When statistical data is obtained either by experimentation or by collection, how can one conclude on the type of pdf it belongs to?

Jochen Wilhelm Popular answer

Very comprehensive answer, Alex. I can not find anything wrong, but I still have a comment: to my opinion(!), transformations should be applied when it is clear what they do. Just to apply transformations because it makes (one aspect!) of your adta looking nicer i.e. fitting better to your possibly bad expectations) is not a good way to go. The square-root is often used for count data. But there are Poisson models available, so there should be no need for a square-root transformation when it really is count data. If it isnt count data, I need to elaborate what the square root of the response actually means. Similar thing with log-transformation.
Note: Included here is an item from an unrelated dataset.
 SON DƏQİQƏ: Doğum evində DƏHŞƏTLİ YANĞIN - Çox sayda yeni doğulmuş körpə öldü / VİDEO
It is very often used when the data is right-skewed. The standard (normal) model on the log data is assuming a multiplicative error structure. This is what has to be clear in mind. Otherwise, a gamma model might be more appropriate. And finally, the Cox-Box-transformation leaves you completely alone with finding out what the transformed response tells you. No daubt, the transformed data can be used well for hypothesis tests, but to me it seems unsatisfying to be left claiming that there is evidence to believe that, for instance, the means of strangely transformed values of two samples are not similar.

Mohammad Tahir

What exactly you mean by pdf? Do you mean to say that you want to search the data across pdf's?

Cj Nev

Mohammad, I believe pdf refers to probability distribution function.
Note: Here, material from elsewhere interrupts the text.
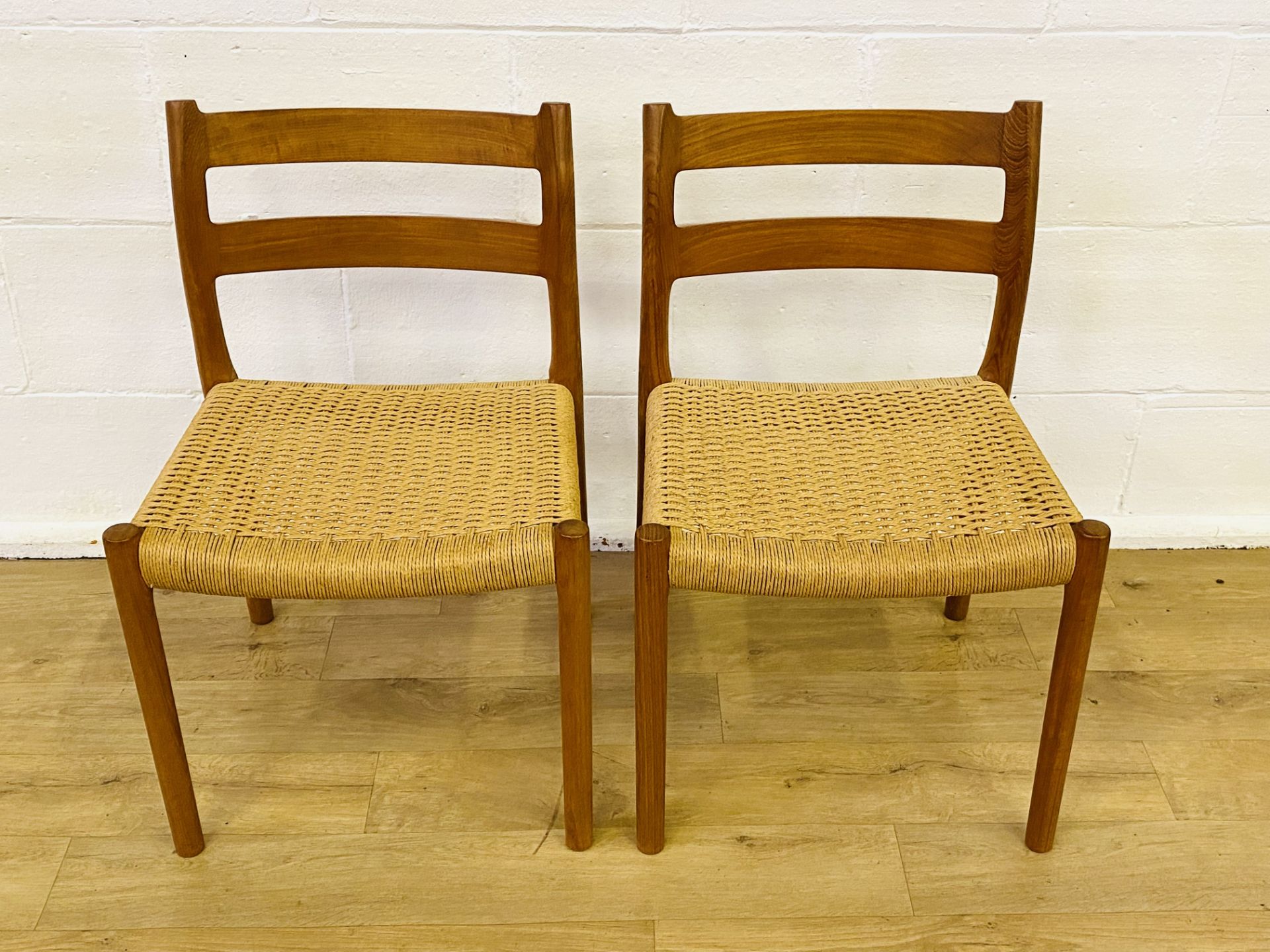 Set of four teak dining chairs together with two similar chairs - Image 7 of 7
Krishna, after carefully establishing with precise definitions (dependence/ independence, continuous/discrete* variables, etc.) your hypothesis (either given or devised), you must ALWAYS plot or graph the data first, for that can only then determine your analysis of its frequency distribution over time and at other times (time series, multi-sample populations or groups for verification). Because as you know your data depends on observed phenomena and your hypothesis of that observed phenomena (how and how much phenomena and hypothesis are linked or correlate; confidence intervals and margins of error), followed by using statistical methods for testing your hypothesis (AND its opposite, or correctly-formulated null hypothesis) of observed phenomena, or hypothesis testing. You use statistical techniques to test the strength (or weakness) of both the validity and reliability of your hypothesis, because observations can be intentially or unintentially faulty and heavily biased. Also, as you know, this is simply the process of employing true science, the scientific method. Furthermore, in your analysis (hypothesis testing, fractiles, regression, etc.) of your plotted data's still-to-be-determined distribution, look for (1) the mean, median, and modes (or central tendencies) for possible skewness (lopsidedness) of your data, right or left on the graph, from the normal probability distribution curve (if skewed, employ fractile analysis for which box plots may be best suitable). Then look at how the data is (2) dispersed on the graph, that is, from establishing the confidence interval (from the Central Limit Theorem; sample population n = normal probability distribution of entire population N, i.e., part=whole per Dirac's Large Number Hypothesis) and variance (=s^2) from the mean to derive the standard deviation (=s). This scientific approach will determine your pdf's of your observed and collected data: normal, skewed, binomial (*discrete, zero-sum, e.g., artificially, independent rolls of dice), linear, curved, curvilinear, etc., ultimately unveiling the truth or falsity of again your carefully-formulated hypothesis/quest.

Jochen Wilhelm

There are a couple of things getting confused here.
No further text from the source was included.